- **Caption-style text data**
• • • •

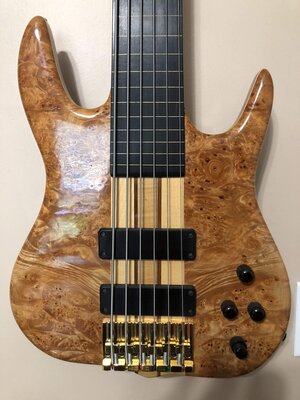 Haydn Williams (Overwater) Ken Smith Style 6 Fretless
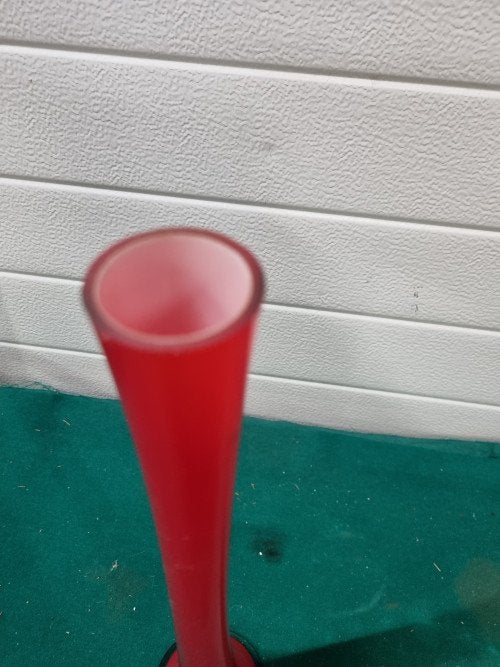 -	Vaas rood smal glas, Ophalen of Verzenden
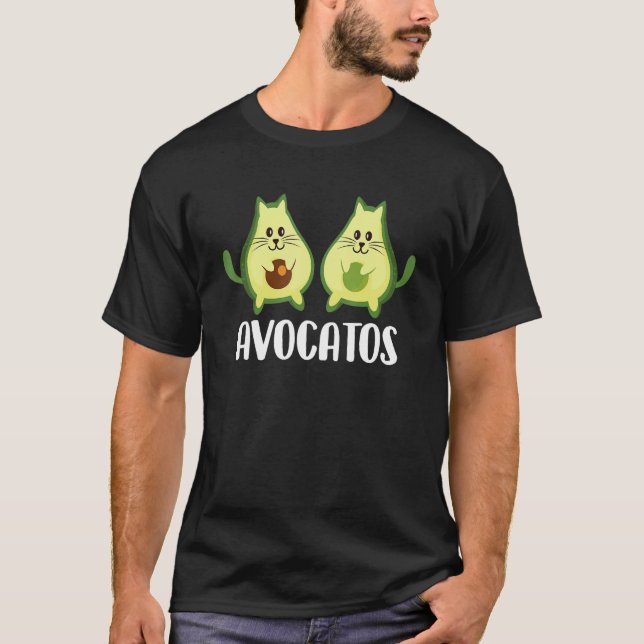 T-shirt Avocatos - Vegan Animal Amoureux des chats Animaux (Devant)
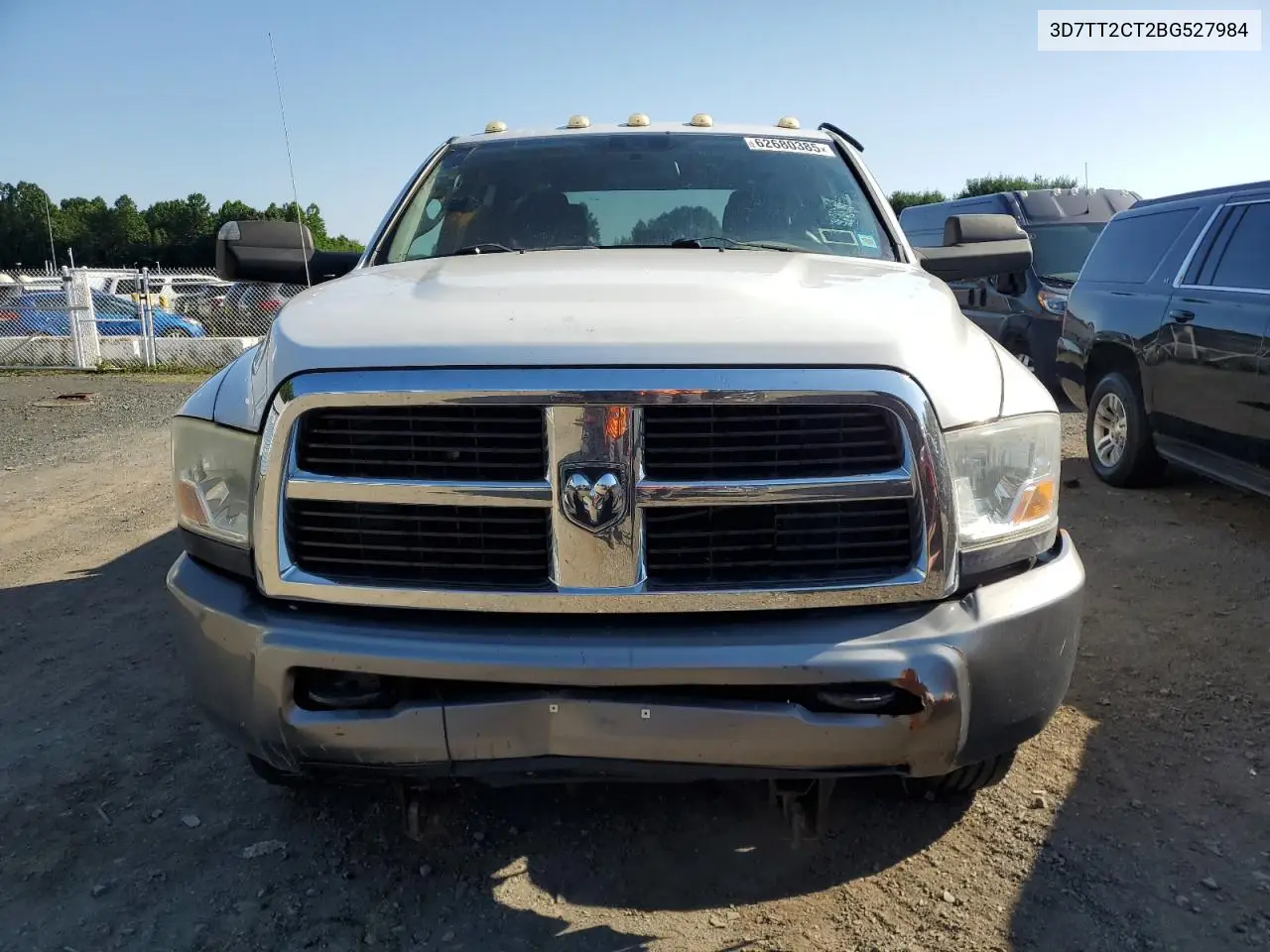 2011 Dodge Ram 2500 VIN: 3D7TT2CT2BG527984 Lot: 62680385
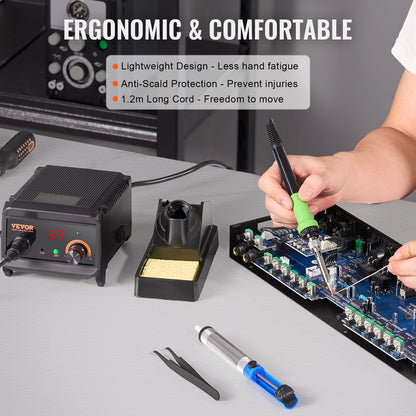 Lötkolbenstation, 75 W, LCD-Display, Lötstationen-Set, 122 °F–932 °F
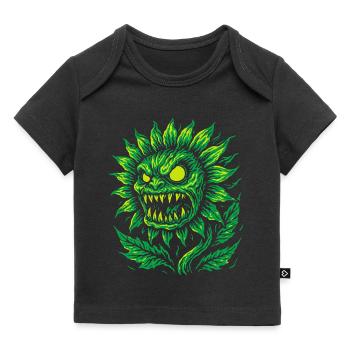 Tournesol démoniaque dans le style néon - T-shirt Premium bébé bio - noir - Devant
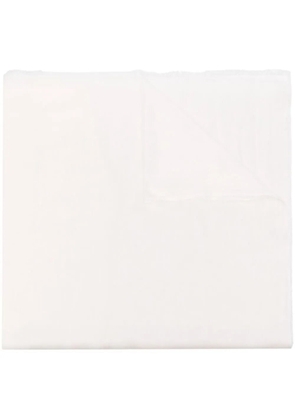 Faliero Sarti solid-color fringed scarf - White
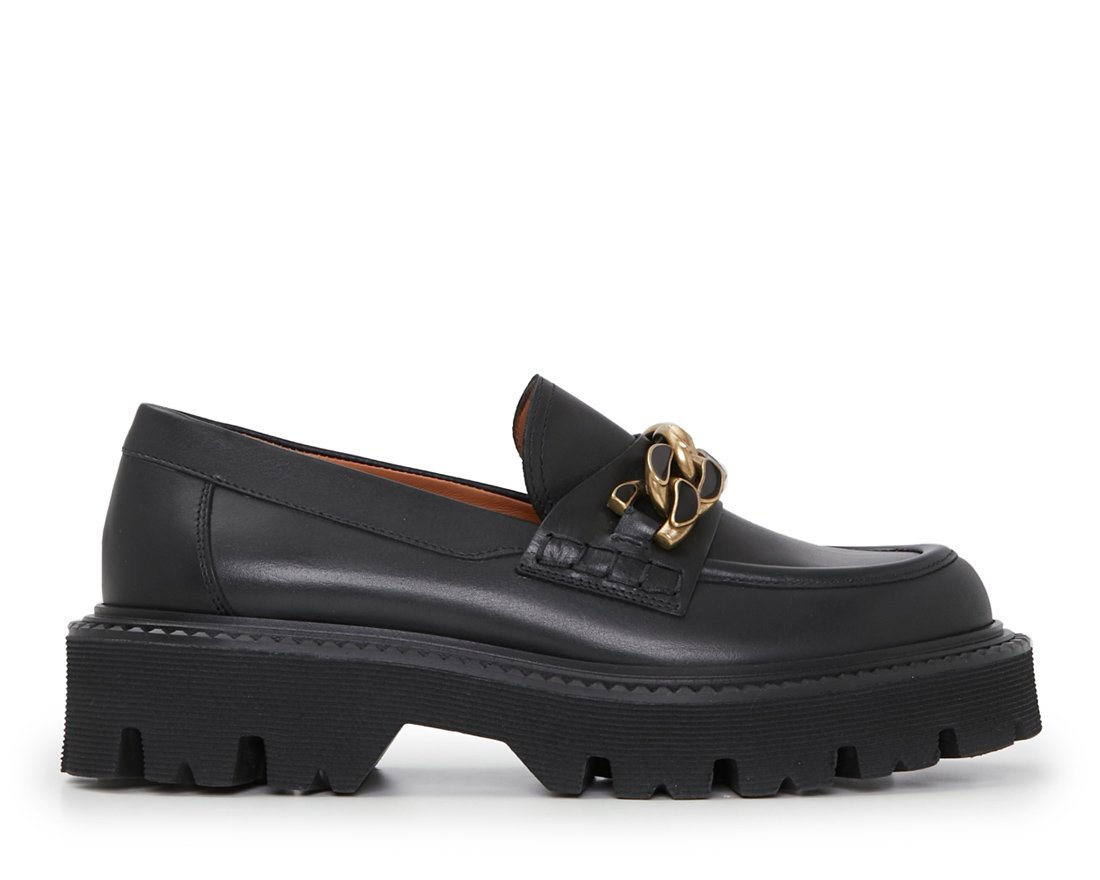 Черные кожаные лоферы - Main image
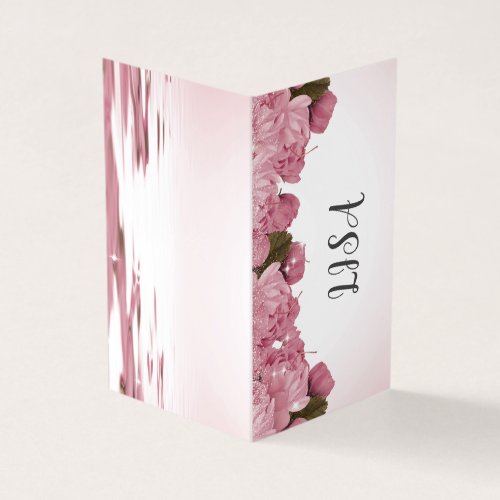 PINK ROSES  BUSINESS CARD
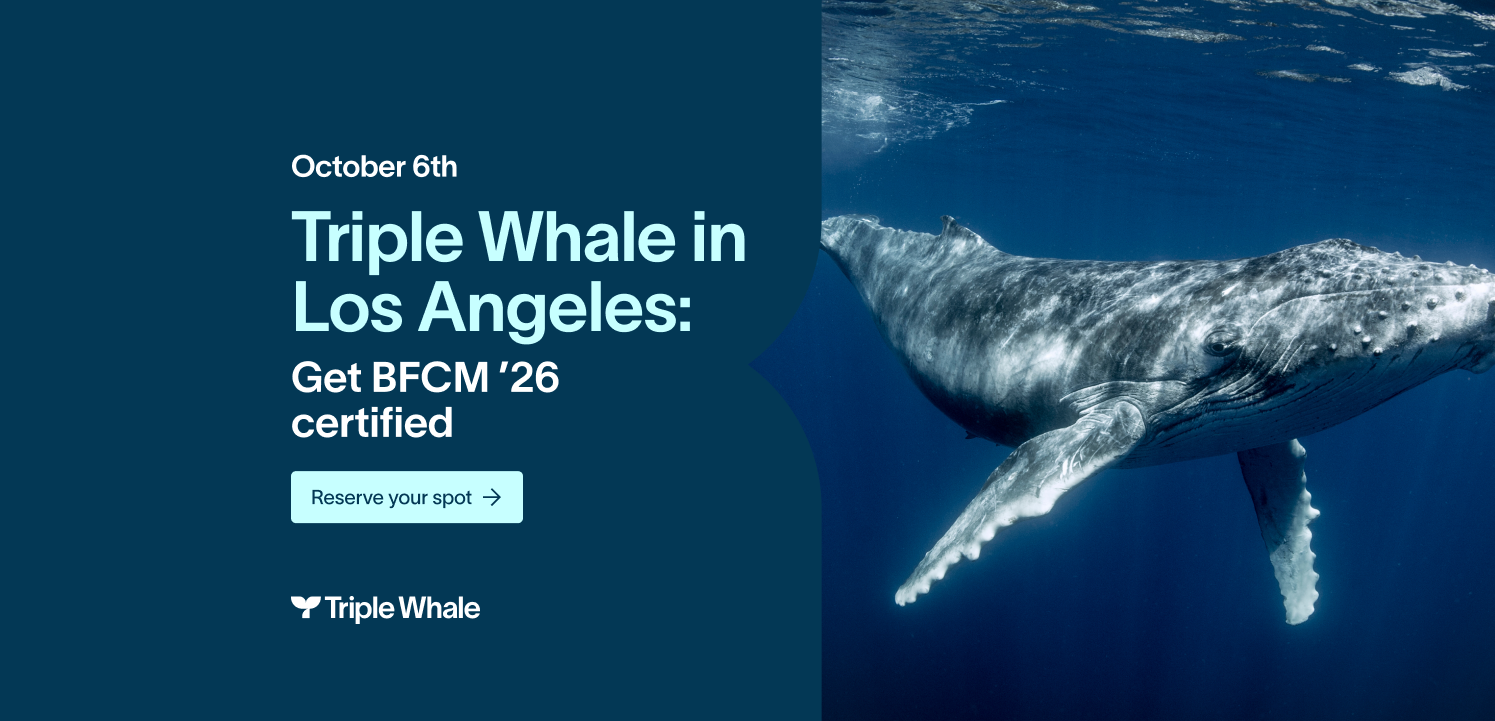 Triple Whale in Los Angeles: BFCM Certification Course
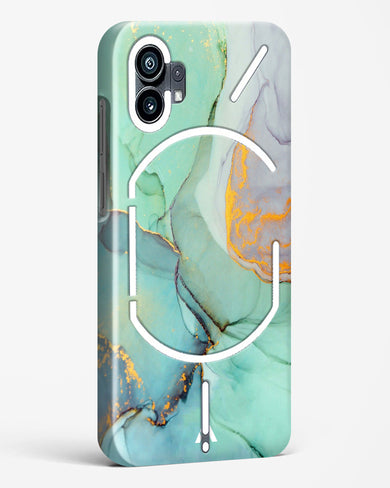 Green Shale Marble Hard Case Phone Cover-(Nothing)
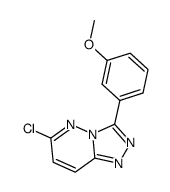 6-chloro-3-(3-methoxyphenyl)-[1,2,4]triazolo[4,3-b]pyridazine结构式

• • • •

- **Task item**
Copy the final stretch of lines, starting at the one that holds "Lötkolbenstation, 75 W, LCD-Display, Lötstationen-Set, 122" and ending at the last line of the data, exactly; omit pictures.

- **Written reply**
 Lötkolbenstation, 75 W, LCD-Display, Lötstationen-Set, 122 °F–932 °F
 Tournesol démoniaque dans le style néon - T-shirt Premium bébé bio - noir - Devant
 Faliero Sarti solid-color fringed scarf - White
 Черные кожаные лоферы - Main image
 PINK ROSES  BUSINESS CARD
 Triple Whale in Los Angeles: BFCM Certification Course
 Green Shale Marble Hard Case Phone Cover-(Nothing)
 6-chloro-3-(3-methoxyphenyl)-[1,2,4]triazolo[4,3-b]pyridazine结构式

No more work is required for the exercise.